» **YOUR ASSIGNMENT**
Print the lines in the listing below that fall between the line with "Relaxing Apollo Waterfront" and the line with "Snapshot of lara_gil_", those two lines included, exactly as they stand and with nothing else.

» **EXERCISE INPUTS**

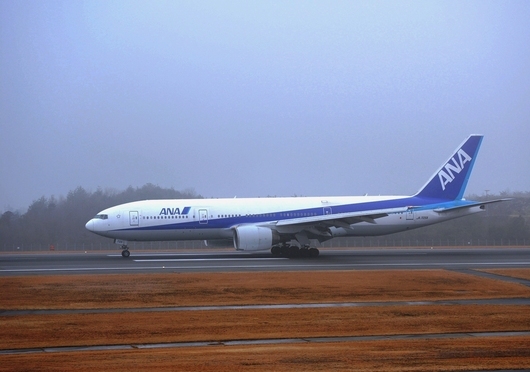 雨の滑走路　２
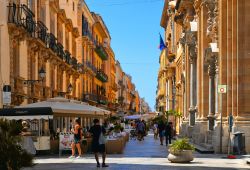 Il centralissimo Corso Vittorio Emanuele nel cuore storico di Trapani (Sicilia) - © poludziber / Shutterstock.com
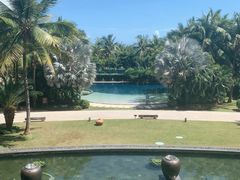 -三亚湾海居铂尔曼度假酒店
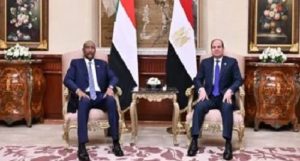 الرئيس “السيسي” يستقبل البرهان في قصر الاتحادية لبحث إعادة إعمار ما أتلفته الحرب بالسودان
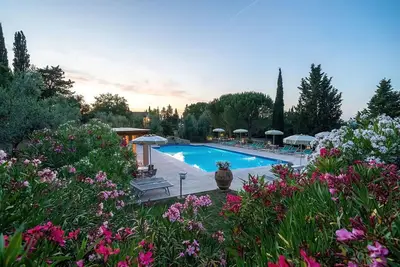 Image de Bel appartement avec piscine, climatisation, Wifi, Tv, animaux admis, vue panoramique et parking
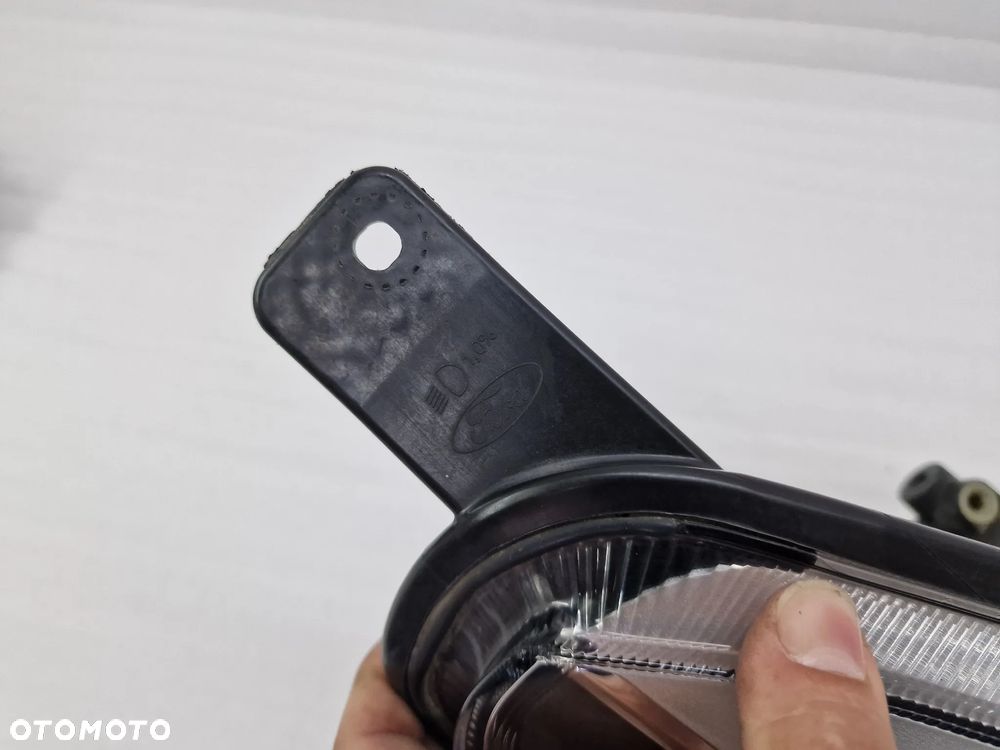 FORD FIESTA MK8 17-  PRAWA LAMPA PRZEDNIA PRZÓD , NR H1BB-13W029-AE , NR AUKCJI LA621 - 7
* * *
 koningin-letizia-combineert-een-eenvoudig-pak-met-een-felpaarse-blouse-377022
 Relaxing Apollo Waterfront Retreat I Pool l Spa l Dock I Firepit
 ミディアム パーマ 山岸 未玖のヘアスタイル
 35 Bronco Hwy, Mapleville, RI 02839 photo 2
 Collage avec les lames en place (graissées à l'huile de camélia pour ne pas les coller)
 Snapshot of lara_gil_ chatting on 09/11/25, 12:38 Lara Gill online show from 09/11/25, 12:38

» **RESULT OF THIS TASK**
 Relaxing Apollo Waterfront Retreat I Pool l Spa l Dock I Firepit
 ミディアム パーマ 山岸 未玖のヘアスタイル
 35 Bronco Hwy, Mapleville, RI 02839 photo 2
 Collage avec les lames en place (graissées à l'huile de camélia pour ne pas les coller)
 Snapshot of lara_gil_ chatting on 09/11/25, 12:38 Lara Gill online show from 09/11/25, 12:38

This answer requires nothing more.